BEGIN

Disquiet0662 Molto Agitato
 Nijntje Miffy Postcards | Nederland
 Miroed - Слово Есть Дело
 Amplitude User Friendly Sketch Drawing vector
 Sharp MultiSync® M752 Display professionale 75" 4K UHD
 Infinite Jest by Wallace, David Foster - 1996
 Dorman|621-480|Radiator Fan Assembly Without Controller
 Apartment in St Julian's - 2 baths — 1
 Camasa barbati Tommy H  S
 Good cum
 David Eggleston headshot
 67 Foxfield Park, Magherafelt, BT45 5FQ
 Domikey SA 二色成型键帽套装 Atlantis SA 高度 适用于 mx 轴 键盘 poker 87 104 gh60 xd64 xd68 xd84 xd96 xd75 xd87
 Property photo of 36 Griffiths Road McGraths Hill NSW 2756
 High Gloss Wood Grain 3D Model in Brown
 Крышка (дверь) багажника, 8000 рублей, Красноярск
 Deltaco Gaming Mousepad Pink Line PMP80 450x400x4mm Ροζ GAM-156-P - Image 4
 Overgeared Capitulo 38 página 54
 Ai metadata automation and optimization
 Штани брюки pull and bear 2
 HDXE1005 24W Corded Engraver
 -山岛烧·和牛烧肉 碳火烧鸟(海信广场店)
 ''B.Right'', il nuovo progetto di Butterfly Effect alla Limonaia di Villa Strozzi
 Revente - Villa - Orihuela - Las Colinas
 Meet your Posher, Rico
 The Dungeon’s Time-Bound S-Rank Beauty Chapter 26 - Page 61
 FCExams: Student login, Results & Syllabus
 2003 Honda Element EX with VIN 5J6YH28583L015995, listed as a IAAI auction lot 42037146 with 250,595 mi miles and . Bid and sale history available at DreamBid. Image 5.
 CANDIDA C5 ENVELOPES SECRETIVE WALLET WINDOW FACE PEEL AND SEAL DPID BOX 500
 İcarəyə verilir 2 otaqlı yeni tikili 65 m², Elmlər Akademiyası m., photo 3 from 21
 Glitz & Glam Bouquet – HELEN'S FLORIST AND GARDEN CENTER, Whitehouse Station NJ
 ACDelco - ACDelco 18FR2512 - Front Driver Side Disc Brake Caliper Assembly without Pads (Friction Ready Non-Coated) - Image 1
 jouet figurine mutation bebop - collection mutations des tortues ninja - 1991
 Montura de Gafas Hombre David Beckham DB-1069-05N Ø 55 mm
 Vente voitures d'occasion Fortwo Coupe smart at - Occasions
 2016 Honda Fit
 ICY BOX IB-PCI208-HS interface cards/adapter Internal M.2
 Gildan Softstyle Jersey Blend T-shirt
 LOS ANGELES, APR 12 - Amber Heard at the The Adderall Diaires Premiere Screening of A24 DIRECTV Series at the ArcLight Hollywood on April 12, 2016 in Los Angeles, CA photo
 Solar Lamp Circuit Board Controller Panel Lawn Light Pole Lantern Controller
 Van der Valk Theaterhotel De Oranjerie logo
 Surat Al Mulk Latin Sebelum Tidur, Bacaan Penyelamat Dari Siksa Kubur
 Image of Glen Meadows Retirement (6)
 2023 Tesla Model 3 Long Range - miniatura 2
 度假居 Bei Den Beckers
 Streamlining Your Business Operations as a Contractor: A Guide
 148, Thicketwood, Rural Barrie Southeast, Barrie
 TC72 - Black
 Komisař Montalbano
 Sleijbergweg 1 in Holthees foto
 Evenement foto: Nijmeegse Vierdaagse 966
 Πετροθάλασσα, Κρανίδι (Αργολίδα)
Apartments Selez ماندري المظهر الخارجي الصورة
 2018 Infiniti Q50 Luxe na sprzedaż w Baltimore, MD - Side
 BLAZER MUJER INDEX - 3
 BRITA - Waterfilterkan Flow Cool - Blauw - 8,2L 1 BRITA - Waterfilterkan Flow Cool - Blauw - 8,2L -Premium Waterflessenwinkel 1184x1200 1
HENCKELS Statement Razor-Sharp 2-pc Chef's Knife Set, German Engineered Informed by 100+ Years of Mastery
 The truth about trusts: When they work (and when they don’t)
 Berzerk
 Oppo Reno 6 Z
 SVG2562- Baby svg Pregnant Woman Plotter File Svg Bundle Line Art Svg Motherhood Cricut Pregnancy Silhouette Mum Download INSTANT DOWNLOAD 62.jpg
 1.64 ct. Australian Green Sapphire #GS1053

END

Task objective: Before answering, count every line of the data that holds the word "Villa"; the reply is that number only.

Output of the task: 2